Let me back up a little. Like I said, I was born with a deviated septum, but didn’t know it until I was 24 years old, when my ex-boyfriend forced me to go to the doctor after years of daily nose bleeds. I had resisted going for so long because I grew up in Southern California, and had just moved to Colorado. I lived in a dry climates, and I didn’t make enough money as a waitress to give up a $30 copay for the doctor to tell me to put Vaseline up my nose.

“Do you do coke,” the doctor asked me quite sincerely after taking one look up my nose? I hadn’t, and still never have tried cocaine, so I was a little blown away (no pun intended). “I can’t believe you have never noticed; you can see it. Let me show you.”

I almost passed out from looking at what I would affectionately refer to like an old friend, the hole in my nose.

Apparently, a symptom of a deviated septum can be perforations, or small holes. I had one, and it had gotten pretty big. This explained my nose bleeds. Instead of needing to put ointment in my nose, he told me I needed surgery, otherwise my nose would eventually collapse. That’s a frightening horror movie image, so in November 2009, I got surgery, and it sucked. Real bad.

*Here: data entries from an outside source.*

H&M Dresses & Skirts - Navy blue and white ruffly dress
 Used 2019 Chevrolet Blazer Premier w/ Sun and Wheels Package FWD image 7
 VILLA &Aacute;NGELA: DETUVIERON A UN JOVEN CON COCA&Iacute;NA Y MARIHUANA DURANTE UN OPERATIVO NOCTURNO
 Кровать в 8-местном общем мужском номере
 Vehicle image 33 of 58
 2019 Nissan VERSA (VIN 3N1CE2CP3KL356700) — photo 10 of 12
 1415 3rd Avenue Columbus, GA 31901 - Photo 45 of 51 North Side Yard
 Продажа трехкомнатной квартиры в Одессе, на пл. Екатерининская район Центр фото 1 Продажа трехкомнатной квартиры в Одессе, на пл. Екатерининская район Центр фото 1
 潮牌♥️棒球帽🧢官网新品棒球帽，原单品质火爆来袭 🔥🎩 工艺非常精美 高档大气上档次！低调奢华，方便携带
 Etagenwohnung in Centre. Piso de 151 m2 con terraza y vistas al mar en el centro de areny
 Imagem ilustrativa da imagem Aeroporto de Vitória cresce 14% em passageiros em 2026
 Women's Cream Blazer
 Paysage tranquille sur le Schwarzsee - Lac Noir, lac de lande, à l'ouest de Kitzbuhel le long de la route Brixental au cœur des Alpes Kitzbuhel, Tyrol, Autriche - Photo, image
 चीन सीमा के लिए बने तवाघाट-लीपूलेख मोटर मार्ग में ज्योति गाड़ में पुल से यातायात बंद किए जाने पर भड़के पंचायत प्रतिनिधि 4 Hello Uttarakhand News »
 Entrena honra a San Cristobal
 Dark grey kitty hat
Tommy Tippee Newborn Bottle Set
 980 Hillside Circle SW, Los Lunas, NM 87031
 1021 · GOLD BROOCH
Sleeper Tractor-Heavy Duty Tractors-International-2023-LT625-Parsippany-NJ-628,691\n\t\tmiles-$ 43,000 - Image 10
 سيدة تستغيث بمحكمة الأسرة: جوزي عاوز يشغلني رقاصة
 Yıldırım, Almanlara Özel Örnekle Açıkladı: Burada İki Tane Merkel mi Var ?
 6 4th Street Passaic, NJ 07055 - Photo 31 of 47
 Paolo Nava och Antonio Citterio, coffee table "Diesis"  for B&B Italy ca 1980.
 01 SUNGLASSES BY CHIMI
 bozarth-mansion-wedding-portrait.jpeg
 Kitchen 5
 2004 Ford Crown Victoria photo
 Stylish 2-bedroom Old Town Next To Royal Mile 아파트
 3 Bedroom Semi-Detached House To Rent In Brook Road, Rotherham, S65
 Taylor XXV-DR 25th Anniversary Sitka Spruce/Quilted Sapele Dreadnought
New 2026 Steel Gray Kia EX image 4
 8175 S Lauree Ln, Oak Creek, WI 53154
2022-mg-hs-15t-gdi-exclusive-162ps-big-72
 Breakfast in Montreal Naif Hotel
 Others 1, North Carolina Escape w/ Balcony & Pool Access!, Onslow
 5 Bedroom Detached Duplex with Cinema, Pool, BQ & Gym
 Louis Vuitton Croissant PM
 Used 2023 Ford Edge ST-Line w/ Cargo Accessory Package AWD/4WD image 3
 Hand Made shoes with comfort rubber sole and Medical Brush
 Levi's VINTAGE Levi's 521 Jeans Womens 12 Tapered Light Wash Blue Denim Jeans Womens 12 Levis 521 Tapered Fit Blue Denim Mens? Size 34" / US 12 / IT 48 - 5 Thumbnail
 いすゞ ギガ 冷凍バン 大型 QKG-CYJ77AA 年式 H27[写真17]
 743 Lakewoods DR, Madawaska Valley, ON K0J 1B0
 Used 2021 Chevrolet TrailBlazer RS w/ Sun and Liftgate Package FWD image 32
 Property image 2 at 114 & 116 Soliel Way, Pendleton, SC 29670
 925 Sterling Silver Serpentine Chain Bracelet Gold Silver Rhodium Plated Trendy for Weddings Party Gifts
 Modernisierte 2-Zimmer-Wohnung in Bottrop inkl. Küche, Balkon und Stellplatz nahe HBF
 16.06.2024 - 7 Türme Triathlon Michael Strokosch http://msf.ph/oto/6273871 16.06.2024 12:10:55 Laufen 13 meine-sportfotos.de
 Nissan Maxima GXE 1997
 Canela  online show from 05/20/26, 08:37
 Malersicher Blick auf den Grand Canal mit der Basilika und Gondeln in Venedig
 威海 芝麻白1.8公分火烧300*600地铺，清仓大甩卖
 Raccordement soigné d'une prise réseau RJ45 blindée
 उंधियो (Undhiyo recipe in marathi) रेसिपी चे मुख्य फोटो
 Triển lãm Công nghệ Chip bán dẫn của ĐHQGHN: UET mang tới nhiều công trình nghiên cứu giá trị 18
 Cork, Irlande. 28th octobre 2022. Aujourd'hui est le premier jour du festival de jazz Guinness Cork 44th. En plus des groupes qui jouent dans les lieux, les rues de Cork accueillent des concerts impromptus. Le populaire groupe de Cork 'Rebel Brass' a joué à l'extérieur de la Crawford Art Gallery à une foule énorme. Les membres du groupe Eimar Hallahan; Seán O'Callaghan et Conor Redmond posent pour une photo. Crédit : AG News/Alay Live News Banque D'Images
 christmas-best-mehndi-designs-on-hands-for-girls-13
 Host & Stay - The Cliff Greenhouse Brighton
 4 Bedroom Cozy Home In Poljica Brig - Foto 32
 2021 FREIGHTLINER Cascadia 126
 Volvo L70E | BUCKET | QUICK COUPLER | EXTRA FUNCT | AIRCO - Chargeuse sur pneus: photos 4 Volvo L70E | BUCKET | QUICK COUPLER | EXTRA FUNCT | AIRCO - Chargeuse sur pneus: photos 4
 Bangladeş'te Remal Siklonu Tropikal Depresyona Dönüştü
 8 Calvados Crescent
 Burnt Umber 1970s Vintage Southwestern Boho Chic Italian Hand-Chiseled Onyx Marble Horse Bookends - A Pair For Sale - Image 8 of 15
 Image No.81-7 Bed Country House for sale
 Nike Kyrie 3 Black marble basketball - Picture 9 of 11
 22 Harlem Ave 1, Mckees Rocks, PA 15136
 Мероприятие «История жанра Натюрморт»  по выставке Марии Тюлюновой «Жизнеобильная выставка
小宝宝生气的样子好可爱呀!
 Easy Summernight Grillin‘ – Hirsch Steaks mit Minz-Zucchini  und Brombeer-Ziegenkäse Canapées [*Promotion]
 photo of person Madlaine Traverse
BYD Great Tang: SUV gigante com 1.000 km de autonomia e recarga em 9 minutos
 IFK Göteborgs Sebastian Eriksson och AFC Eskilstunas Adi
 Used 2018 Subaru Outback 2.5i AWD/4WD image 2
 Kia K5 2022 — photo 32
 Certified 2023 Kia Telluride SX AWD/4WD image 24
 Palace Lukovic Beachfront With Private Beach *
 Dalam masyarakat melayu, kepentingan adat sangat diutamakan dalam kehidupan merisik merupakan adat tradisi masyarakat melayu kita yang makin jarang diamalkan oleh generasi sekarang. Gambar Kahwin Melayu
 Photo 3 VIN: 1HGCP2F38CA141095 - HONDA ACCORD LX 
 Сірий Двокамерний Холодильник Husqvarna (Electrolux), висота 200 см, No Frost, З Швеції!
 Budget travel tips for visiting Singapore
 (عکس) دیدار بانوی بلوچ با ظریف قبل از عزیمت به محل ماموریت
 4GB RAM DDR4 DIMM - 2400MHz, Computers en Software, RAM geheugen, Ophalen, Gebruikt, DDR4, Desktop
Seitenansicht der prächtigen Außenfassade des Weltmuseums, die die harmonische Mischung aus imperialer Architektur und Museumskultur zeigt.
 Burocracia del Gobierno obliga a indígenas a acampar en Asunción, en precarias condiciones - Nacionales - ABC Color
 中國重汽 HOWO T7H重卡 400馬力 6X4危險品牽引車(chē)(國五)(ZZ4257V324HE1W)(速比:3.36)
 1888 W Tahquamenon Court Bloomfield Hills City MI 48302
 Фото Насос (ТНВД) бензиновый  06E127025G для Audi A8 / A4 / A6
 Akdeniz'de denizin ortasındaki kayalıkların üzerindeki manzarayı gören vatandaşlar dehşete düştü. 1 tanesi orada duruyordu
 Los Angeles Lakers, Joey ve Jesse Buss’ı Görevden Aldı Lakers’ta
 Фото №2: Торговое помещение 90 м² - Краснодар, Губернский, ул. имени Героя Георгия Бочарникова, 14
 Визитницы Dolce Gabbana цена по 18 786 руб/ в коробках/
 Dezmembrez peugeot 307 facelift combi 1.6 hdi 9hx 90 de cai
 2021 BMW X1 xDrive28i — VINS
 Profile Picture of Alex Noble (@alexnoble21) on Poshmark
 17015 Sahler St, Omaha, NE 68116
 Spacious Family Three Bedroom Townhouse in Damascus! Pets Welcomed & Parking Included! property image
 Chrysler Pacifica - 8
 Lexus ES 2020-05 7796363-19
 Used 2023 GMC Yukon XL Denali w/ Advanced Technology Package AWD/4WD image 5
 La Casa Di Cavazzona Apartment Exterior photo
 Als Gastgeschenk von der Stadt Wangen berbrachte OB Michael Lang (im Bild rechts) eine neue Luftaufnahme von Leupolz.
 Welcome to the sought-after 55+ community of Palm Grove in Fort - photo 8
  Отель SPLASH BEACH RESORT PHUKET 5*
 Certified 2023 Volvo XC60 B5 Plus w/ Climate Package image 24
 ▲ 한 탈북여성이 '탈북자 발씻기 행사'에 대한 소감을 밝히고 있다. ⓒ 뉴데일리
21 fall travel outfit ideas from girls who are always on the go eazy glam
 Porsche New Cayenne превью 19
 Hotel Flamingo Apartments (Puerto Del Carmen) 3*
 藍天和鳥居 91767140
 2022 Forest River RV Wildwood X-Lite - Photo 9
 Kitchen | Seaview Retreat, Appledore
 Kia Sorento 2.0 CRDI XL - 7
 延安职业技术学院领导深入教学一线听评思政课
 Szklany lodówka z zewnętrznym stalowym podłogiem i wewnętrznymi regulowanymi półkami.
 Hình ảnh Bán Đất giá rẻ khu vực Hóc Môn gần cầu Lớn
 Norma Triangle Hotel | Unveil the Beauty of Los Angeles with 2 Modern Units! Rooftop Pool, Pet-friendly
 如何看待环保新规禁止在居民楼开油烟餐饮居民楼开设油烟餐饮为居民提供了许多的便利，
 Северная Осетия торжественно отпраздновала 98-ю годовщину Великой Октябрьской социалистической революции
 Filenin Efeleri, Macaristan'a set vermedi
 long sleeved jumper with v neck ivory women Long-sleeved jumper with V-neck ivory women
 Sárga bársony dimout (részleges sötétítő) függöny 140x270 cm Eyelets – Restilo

So bad, in fact, that it kind of traumatized me into not really going to the doctor past a couple follow ups a few months later. I moved back to LA, and never found a new doctor.

But…I’ve always been worried about it. I don’t get nose bleeds like I used to, except during the winter when the weather gets windy and dry, but I’ve had this nagging feeling that I should go back and get my nose checked. I’ve gotten referrals from multiple people over the years but I can’t seem to get myself to call because I am so damn scared of having another surgery.

I’ve had that nagging feeing for over six years now, and it was as overwhelming as ever as I held wads of paper towels to my face.

It lasted for 15 minutes, but it seemed like an eternity of blood loss. My boyfriend insisted we go to the urgent care and, for once, I didn’t protest. My worst fears were taking over and I was convinced my septum had collapsed and it was all because I had been a baby by putting off seeing a doctor.

Turns out, I am fine. The urgent care doctor looked up my nose, as my heart palpitated in anxiety. He isn’t an ENT, but he told me that nothing looked as severe as was in my head. In fact, he even suggested a case of psychosomatic feelings. I would be relieved to find out I’m crazy.

Nothing was actually terribly wrong with me and, six years later, I was actually pretty happy to fork over $30 to have someone tell me to put Vaseline up my nose. But, it was a wake up call.

I have to start listening to my horoscope and focus on my health. I’m not in my 20′s anymore. In your thirties, aches and pains aren’t something a bottle of water and a solid night’s sleep can cure, and putting things off won’t make them go away.

“I plan on spending the rest of a really long life with you,” my boyfriend told me in the car on the way to the urgent care. “This year we both need to take better care of ourselves and not put things off.”

I nodded. Later, as I was cleaning the apartment, because it had been a stressful day, I told him, “I’m scared that this is an omen.”

“An omen for what?” He asked.

“I’m nervous that this is how things are starting, that this is just a sign of what the rest of the year will be like for me.”

“It doesn’t have to be,” he said.

And he’s right.

2016 will be the year I go to all the doctors and get all the scary tests and shots I need. It will be the year I force myself to go on hikes and go to yoga. Hell, maybe I’ll even hire a cleaning service. “Getting in shape” means more than just a gym membership for me.

2016 is the first year I’ll be in my thirties for the entire year, and I don’t really have time to fuck around with putting off my health and diagnosing myself off the Internet.